SUPPLIED ENTRIES

-- Opening Marker --

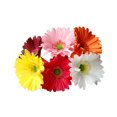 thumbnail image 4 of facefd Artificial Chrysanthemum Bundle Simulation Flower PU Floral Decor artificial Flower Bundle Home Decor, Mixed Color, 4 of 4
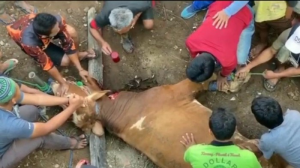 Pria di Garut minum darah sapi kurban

-- Closing Marker --
-- Opening Marker --

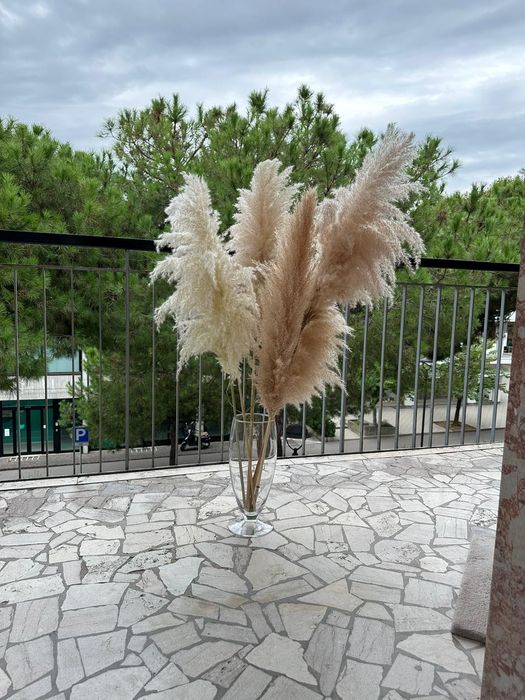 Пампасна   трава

-- Closing Marker --
-- Opening Marker --

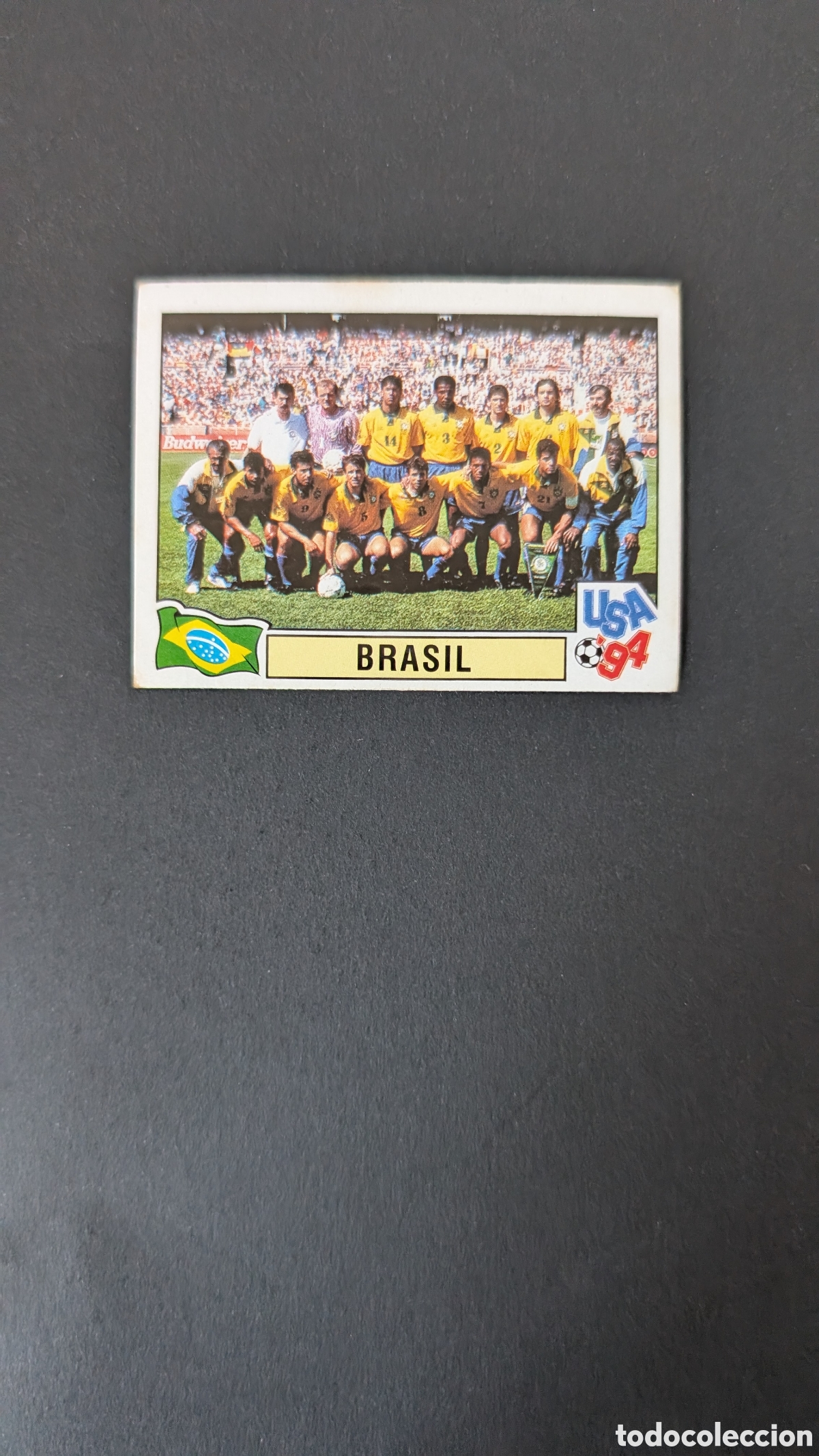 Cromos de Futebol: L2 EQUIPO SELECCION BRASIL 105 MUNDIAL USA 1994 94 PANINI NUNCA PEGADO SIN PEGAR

-- Closing Marker --

EXERCISE REQUIREMENTS
Look back over the records above. Reproduce exactly everything from the line with "thumbnail image 4" down to the line with "Pria di Garut minum darah sapi kurban", inclusive, and leave the pictures out.

TASK RESULT
 thumbnail image 4 of facefd Artificial Chrysanthemum Bundle Simulation Flower PU Floral Decor artificial Flower Bundle Home Decor, Mixed Color, 4 of 4
 Pria di Garut minum darah sapi kurban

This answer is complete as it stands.